Ice age wetland biogeochemistry: The influence of carbon dioxide starvation on wetland methane emissions

Boardman, Carl Philip (2010). Ice age wetland biogeochemistry: The influence of carbon dioxide starvation on wetland methane emissions. PhD thesis The Open University.

DOI: https://doi.org/10.21954/ou.ro.0000d3c9

Abstract

Ice core records show that the atmospheric concentration of methane (CH4) during the Last Glacial Maximum (LGM) was 40-50% lower than during the preindustrial Holocene. To understand this natural variation it is important to know how the sources and sinks of CH4 change over time. Natural wetlands were the single largest contributor of CH4 to the atmosphere in glacial times, yet models used to estimate their behaviour and CH4 flux are largely based around relationships derived under modem day conditions. This thesis responds to this issue by exposing wetland mesocosms with contrasting nutrient availability, to the atmospheric concentration of carbon dioxide (CO2) present at the LGM for 2 years.
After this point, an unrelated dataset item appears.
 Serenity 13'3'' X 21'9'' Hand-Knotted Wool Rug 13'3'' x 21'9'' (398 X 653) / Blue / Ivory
At the end of this experiment, total CH4 flux was suppressed by an average of 29% in the nutrient rich fen (P < 0.05). In contrast, the nutrient poor bog showed no response to the treatment (P > 0.05). Further exploring the effects of CO2 starvation showed that the fen ecosystem exhibited notable reductions in dissolved organic carbon, dissolved CH4 and a change in the response of CH4 flux to changing temperature, variables and relationships which all remained unchanged in the bog. The contrasting response of the two ecosystems to CO2 starvation could be largely explained by differences in nutrient status, species composition and dominant CH4 production pathways. In particular, it is hypothesised that bog plants under LGM CO2 concentrations supplemented photosynthesis through the use of subsurface derived CO2, thus counteracting the treatment effect.

The results from this thesis suggest that the CH4 source strength of late-glacial and early Holocene wetlands may currently be over-estimated because fen ecosystems are a far smaller CH4 source under low atmospheric [CO2] than they are today. Furthermore, the results provide new insights into the role of glacial atmospheric CO2 concentrations in influencing CH4 emissions from terrestrial ecosystems and provide empirical evidence for a connection between glacial-interglacial changes in atmospheric CH4 and CO2 concentrations observed in ice cores.